Produced by Doug MacLeod and Janice Mancuso and recorded at Skywalker
Sound, the “baker’s dozen” tracks on There’s a Time showcase his
soulful vocals and trademark guitar sound backed by Denny Croy on bass and Jimi
Bott on drums. Acclaimed for their quality audio recordings, Reference will also
release the new album on a 200-gram vinyl two-LP set, half-speed mastered and
pressed at Quality Record Pressings (QRP), as well as on
CD.
“Making this album was different than any other one I’ve done
in the past,” recalls MacLeod about the sessions. “They put Jimi, Denny and me
on this huge soundstage at Skywalker Sound in Marin County and we sat around in
a circle where we could see each other. We played live, no overdubs, just three
guys playing some music together.
“Simply put, Jimi and Denny are two of the finest musicians I
have ever had the pleasure to make music with. I’ve been known to change
arrangements on the spot: add a bar here, take away a bar there. I go with the
feeling of the moment. Both Jimi and Denny have this uncanny ability to follow
that - even under what could have been pressure circumstances for other
musicians.”
A perennial Blues Music Award nominee, MacLeod is currently
nominated for “Acoustic Artist of the Year.” Doug is a throwback musician in the
great tradition of the traveling bluesman from the genre’s classic era, having
apprenticed with some of the best as a sideman with such legends as Big Joe
Turner, Pee Wee Crayton, Eddie “Cleanhead” Vinson, Big Mama Thornton and George
“Harmonica” Smith. During that time, he developed his unique, unorthodox and
powerfully rhythmic acoustic guitar style, which he puts to great use on
There’s a Time playing on a variety of guitars with such pet names
as “Moon” (a National M-1 Tricone), “Little Bit” (a Gibson C-100 FE) and “Owl”
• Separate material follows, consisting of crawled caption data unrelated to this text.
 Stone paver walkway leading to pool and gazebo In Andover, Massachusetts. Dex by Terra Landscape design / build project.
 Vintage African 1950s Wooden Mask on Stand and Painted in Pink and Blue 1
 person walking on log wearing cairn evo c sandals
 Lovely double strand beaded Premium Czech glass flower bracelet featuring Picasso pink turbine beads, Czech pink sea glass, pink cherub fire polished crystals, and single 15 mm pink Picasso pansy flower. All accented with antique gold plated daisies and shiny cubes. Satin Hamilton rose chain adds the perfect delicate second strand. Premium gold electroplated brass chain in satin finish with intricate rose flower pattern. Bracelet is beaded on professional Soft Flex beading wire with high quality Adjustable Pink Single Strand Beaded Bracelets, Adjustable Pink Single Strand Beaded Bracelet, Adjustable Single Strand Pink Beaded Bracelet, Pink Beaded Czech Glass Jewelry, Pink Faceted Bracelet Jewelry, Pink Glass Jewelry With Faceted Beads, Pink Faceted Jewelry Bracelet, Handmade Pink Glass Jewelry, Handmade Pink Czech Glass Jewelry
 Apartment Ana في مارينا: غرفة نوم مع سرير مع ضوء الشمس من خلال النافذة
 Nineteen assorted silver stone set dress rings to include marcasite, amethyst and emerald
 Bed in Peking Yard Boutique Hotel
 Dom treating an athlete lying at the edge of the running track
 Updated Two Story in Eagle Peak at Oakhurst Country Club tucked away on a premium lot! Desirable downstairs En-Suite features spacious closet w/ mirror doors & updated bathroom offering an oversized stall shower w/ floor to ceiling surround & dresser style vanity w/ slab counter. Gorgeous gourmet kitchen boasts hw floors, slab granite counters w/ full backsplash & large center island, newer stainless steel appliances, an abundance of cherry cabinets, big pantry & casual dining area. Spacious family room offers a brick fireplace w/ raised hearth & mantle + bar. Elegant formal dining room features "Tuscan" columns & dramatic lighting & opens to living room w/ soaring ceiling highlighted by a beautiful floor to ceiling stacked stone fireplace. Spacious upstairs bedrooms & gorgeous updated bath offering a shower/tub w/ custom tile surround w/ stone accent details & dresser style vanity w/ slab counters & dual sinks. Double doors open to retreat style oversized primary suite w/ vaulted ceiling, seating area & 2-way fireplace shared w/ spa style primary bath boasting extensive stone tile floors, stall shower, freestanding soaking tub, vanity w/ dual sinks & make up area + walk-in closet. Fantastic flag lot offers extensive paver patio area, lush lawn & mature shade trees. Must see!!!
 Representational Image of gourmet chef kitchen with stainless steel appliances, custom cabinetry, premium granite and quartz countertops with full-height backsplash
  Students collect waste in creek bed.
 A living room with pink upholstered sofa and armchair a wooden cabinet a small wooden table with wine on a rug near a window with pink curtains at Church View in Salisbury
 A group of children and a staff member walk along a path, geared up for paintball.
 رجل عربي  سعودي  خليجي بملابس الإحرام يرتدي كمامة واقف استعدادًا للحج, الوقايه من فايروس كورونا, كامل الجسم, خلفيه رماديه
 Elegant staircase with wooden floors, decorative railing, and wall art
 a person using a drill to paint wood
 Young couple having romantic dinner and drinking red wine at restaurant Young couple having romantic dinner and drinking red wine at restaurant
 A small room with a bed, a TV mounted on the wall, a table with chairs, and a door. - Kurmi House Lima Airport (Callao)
(a National Style “O”), plus a National El Trovador
12-String.
The other element of Doug’s style is his remarkable ability
as a storyteller, another trademark of the classic itinerant blues musician.
Listening to the songs on There’s a Time is like attending a
master class on storytelling, as MacLeod weaves tales that are visceral,
insightful and often humorous (as on the songs, “My In-laws Are Outlaws,” “St
Elmo’s Rooms and Pool” and “Dubb’s Talkin’ Religion Blues”).
Like the old masters who taught him, MacLeod’s songs are
based primarily on his own life and experiences, instilled with the spirit one
particular influential bluesman once told him: “Never play a note you don’t
believe, and never write or sing about what you don’t know.”
“If you’re speaking honestly, then I believe you’re coming
from your heart,” MacLeod says. “And if you’re coming from the heart, then I
believe your chances of getting to another heart are real good. If you can get
to the heart, then you can get to the soul, and I think that’s where songs like
to live.”
In a career that spans over 30 years, Doug MacLeod has
recorded 19 studio albums, several live records, compilations, a blues guitar
instructional DVD and a live performance DVD. His songs have been covered by
such artists as Albert King, Albert Collins, Joe Louis Walker and Eva Cassidy.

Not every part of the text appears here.